Alitalia, 5 ragioni dietro la crisi
È la terza volta che Alitalia si trova sull’orlo del burrone, dopo la prima crisi del 2007-’08 (alleanza con Air France), quella più recente del 2013-’14 (alleanza e quota di minoranza a Etihad). Ma questa volta è molto difficile saltare al di là del burrone. I numeri e i trend hanno una forza incontrovertibile. In sostanza Alitalia non ha futuro, e se riuscirà a alzarsi ancora in volo sarà qualcosa di molto diverso da quella che è stata sinora. Proviamo a capire la crisi infinita di Alitalia in cinque punti.
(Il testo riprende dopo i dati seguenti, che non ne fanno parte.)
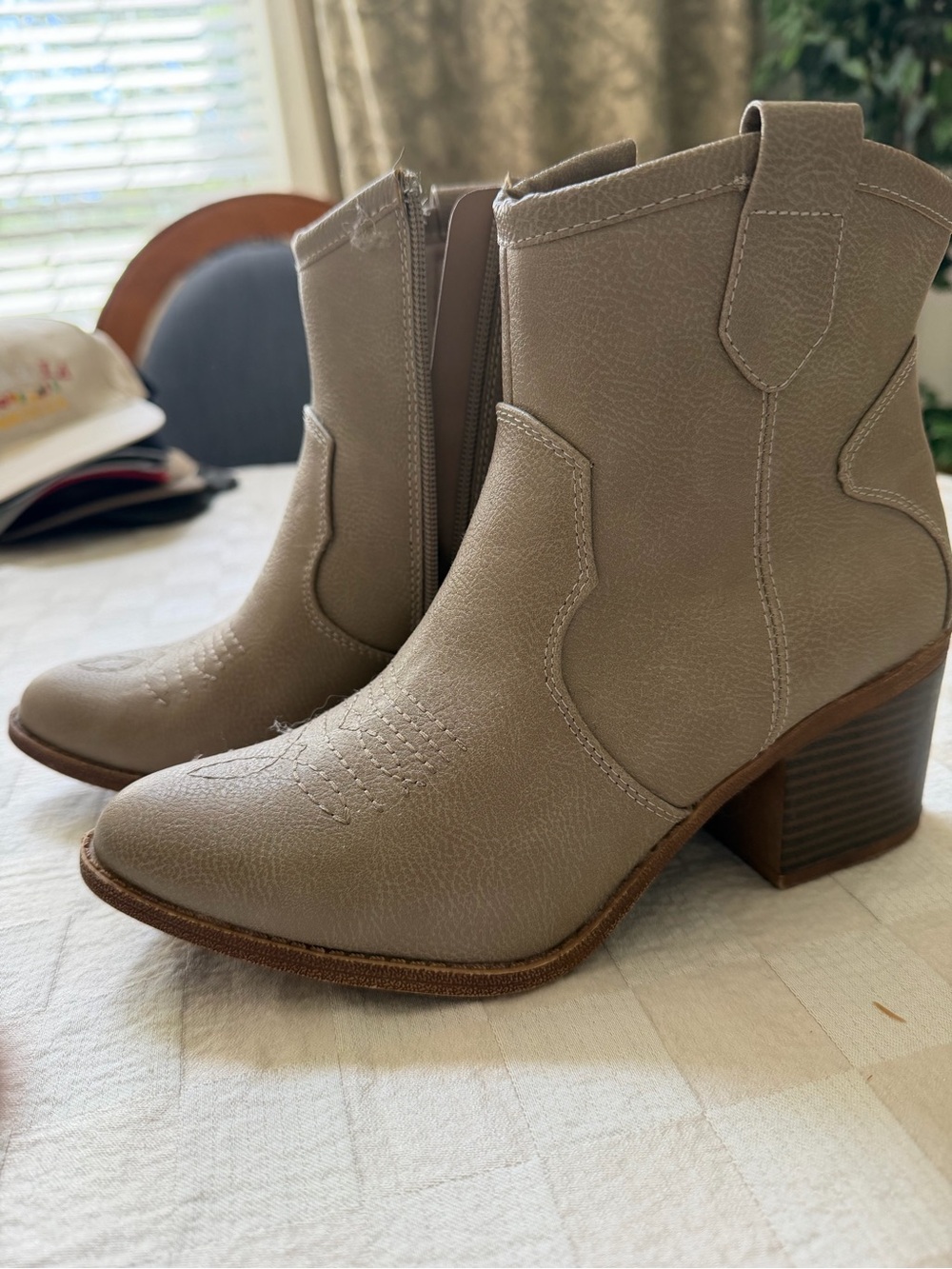 UNIONBAY Taupe Western-Inspired Ankle Boots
1) La rinuncia agli hub del nord
Uno dei grandi errori industriali di Alitalia è stato l’abbandono del nord Italia, con la scelta nel 2007 di rinunciare all’hub di Malpensa. Alitalia ha detto così no al mercato più ricco, con il risultato che oggi dall’aeroporto varesino ha solo tre rotte intercontinentali con la compagnia di bandiera (Tokyo, New York e Abu Dhabi) e continua a guadagnare viaggiatori con le altre compagnie: nei primi mesi del 2017 è al +22%. I viaggiatori del nord sono stati catturati tutti da compagnie straniere. Addirittura Alitalia è costretta a portare viaggiatori da Linate a Parigi e Amsterdam “rubandoli” ai propri voli intercontinentali da Roma. Se Alitalia chiudesse, Malpensa e Bergamo quasi non se ne accorgerebbero. Per Linate sarebbe un problema lievemente maggiore, ma solo a breve termine: sul tavolo delle autorità aeroportuali ci sono oltre mille richieste di altre compagnie per volare nel city airport milanese.
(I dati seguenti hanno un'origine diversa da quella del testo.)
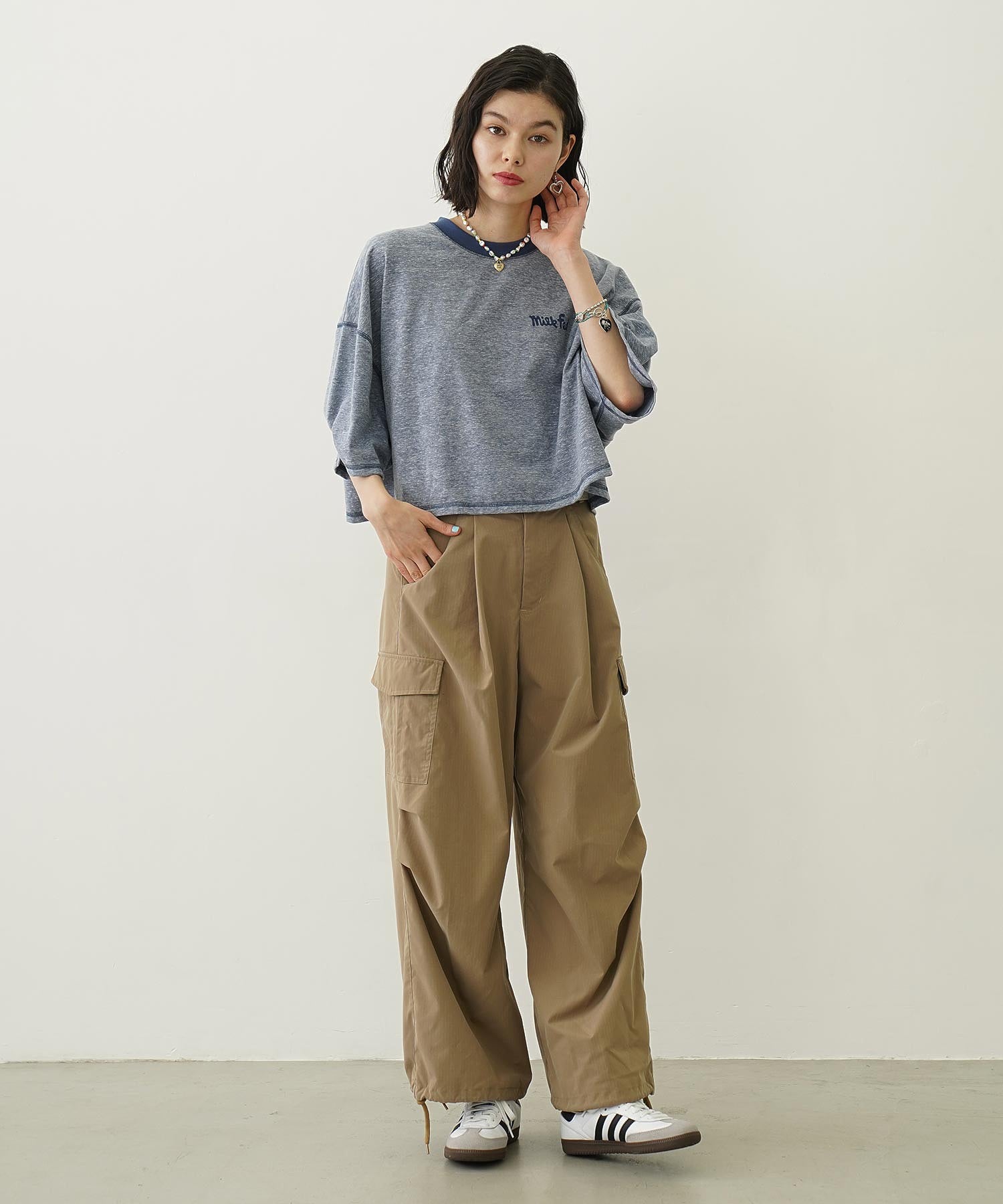 COLOR STITCH WIDE S/S TOP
2) La concorrenza sulla tratta Milano-Roma
Sarebbe invece un ulteriore disastro per Roma. In questi anni Alitalia, oltre alla concorrenza delle compagnie low cost, ha dovuto subire la crescita imperiosa dell’alta velocità, che ha sostanzialmente dimezzato il traffico sulla rotta che rappresentava la gallina dalle uova d’oro per la compagnia. Il Milano-Roma è passato dai 2,4 milioni di passeggeri alla metà. E questo mentre il numero di viaggiatori in assoluto su quella rotta è sempre stato in grande crescita.
3) La logica del low cost vince
Alitalia non si è resa conto che non era possibile reggere alla concorrenza delle low cost, che hanno una logica industriale completamente diversa e che soprattutto hanno capito una cosa: l’importante è far viaggiare le persone, non spremerle con tariffe fuori mercato. Così le low cost si sono rivelate delle grandi opportunità per territori dimenticati (vedere il successo delle rotte su Comiso e Crotone), al punto che per avere un volo Ryan Air le amministrazioni sono disposte a pagare la compagnia. Alitalia invece ha perso persino il volo su Reggio Calabria… Ma sono stati i viaggiatori a decidere: sulle rotte interne ormai vince solo la logica del low cost.
4) Un’impronta politico-romana
Alitalia non si è mai liberata da un’impronta politico-romana che ne ha deciso i destini. Neanche la gestione priva di Cai, con Montezemolo presidente, si è smarcata da questo modello alla fine assistenzialistico. Lo hanno capito anche i sindacati, che hanno tifato per l’approvazione dell’accordo, mentre invece piloti e hostess sono andati diritti verso la strada che ora porta ala commissariamento.
5) Non cambia nulla per l’Italia
Non è vero che un Paese non può fare a meno di una compagnia di bandiera. I casi Sabena (Belgio) e Swissair (Svizzera) lo dimostrano. Sono stati fallimenti celebri che non hanno comportato particolari ricadute sull’economie e sui trend di sviluppo delle nazioni. Alitalia ha pochissimo peso sui flussi turistici italiani, visto che lavora al 70 per cento sul medio-breve raggio, che è proprio il terreno di conquista delle low cost. Le altre compagnie di bandiera hanno proporzioni esattamente opposte, con il 70 per cento di ricavi dalle rotte lungo raggio. Inoltre i trend turistici sono inversamente proporzionali al declino di Alitalia: crescono mentre lei scende.